In cosa consiste l’attualità di questa devozione?
Cardinal Vanhoye: Proprio nell’unione al Cuore di Gesù. Non si tratta affatto di una devozione superata, anzi è attuale e addirittura essenziale se capita bene. Senza questa unione non possiamo vivere pienamente l’amore che viene da Dio né diventare umili. Anzi corriamo il rischio di nutrire solo orgoglio e superbia. D’altronde è lo stesso Vangelo a presentarci una religione del cuore, lontana dall’esteriorità. Occorre anche dire che la devozione al Cuore di Gesù ha una forma popolare che non sempre corrisponde a questo orientamento, ma penso che si possa fare molto perché diventi ancor più significativa.

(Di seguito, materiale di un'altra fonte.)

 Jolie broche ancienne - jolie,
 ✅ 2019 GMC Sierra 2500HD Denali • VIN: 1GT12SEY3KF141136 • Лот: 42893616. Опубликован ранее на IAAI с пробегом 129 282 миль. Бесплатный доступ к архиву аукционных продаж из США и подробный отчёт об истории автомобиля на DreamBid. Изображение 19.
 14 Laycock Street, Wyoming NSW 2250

Il messaggio di Benedetto XVI a P. Kolvenbach, generale della Compagnia di Gesù, per i 50 anni dell’Enciclica Haurietis aquas di Pio XII sul Sacro Cuore ha rilanciato questi temi…

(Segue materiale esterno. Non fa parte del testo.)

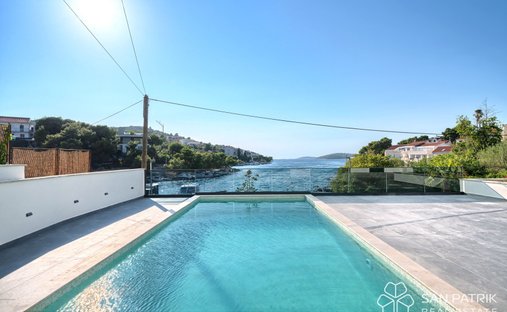 House in Stivasnica, Sibenik-Knin County, Croatia 1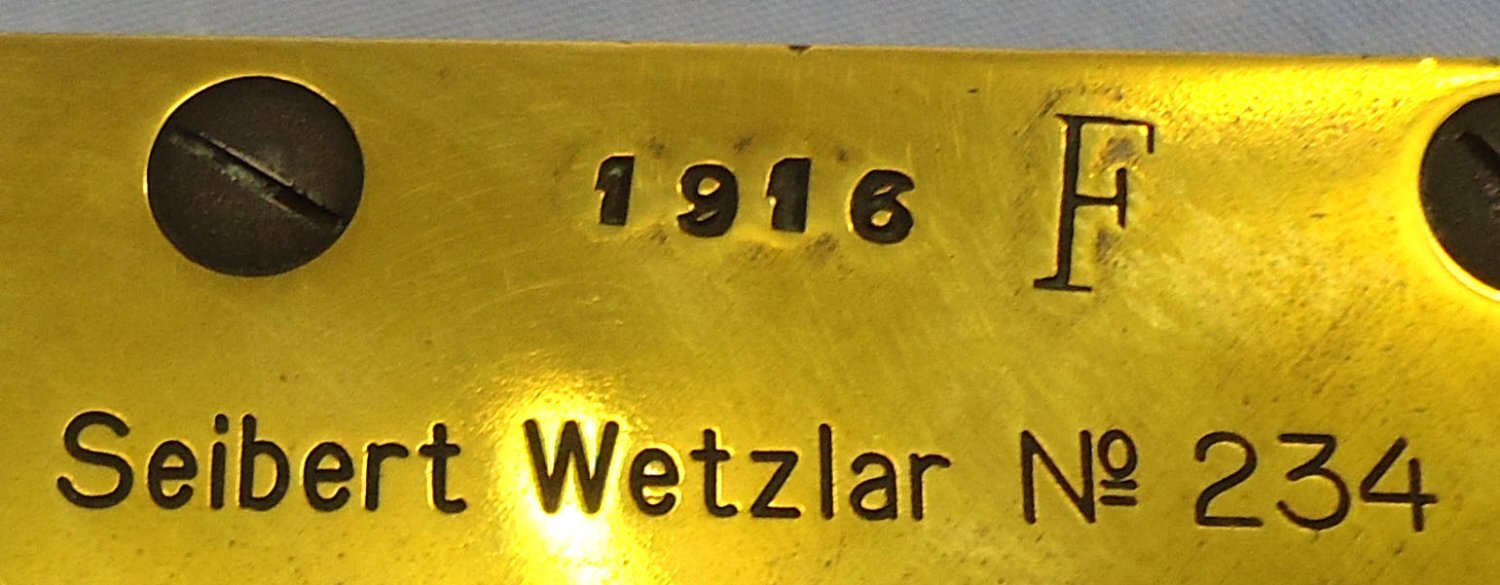 Antique & Militaria 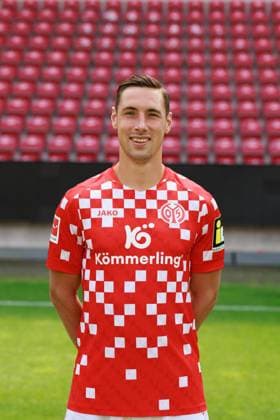 Fussball - 1. Bundesliga - Porträttermin 2024 2025 - 1. FSV Mainz 05 - 28.07.24, Dominik Kohr, 1. FSV Mainz 05, 1. BL; Porträttermin 2024 2025, -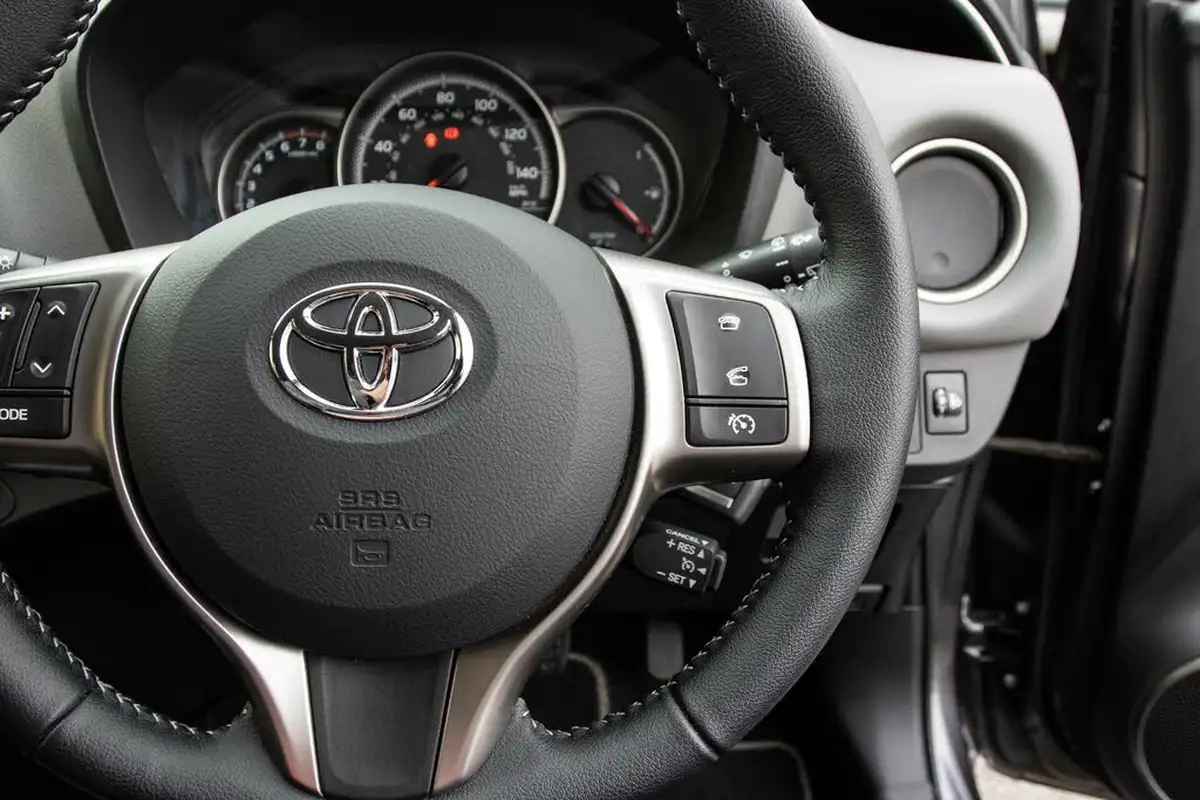 2016-toyota-yaris-133-icon-vvt-i-5d-big-19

Cardinal Vanhoye: Il Papa ha voluto sottolineare con forza l’anniversario con un messaggio proprio perché la Compagnia di Gesù si è mostrata sempre attiva nella promozione di questa fondamentale devozione, soprattutto grazie all’Apostolato della Preghiera e alla sua proposta di spiritualità nient’affatto sentimentale, ma che coinvolge l’intera esistenza umana. Già nell’enciclica Deus caritas est Benedetto XVI aveva parlato più volte del costato trafitto e del Cuore di Gesù, vera sorgente dell’amore. È chiaro, anche dalle parole del Papa, che la devozione al Sacro Cuore non può fermarsi alla sola umanità di Gesù, proprio perché questa è espressione dell’amore di Dio per il mondo che può essere sperimentato e quindi testimoniato solo guardando a quel costato trafitto. A questo proposito, in Francia P. Glotin S.I. ha ultimato uno studio profondo e ampio sulla devozione al Cuore di Gesù che uscirà all’inizio del prossimo anno. A conferma di quanto sia importante richiamare l’attenzione della gente su questa spiritualità. Non si può fare a meno di una relazione con il Cuore di Gesù.
Qual è il messaggio che vuole inviare al IV Congresso Nazionale dell’AdP che si svolgerà a Roma alla fine di giugno proprio su questi temi?
Cardinal Vanhoye: Mi rallegro che l’Apostolato della Preghiera italiano abbia preparato un Congresso Nazionale. Mi auguro che contribuisca a rafforzare la convinzione che l’unione al Cuore di Gesù è fondamentale per la vita spirituale personale e per la vita apostolica.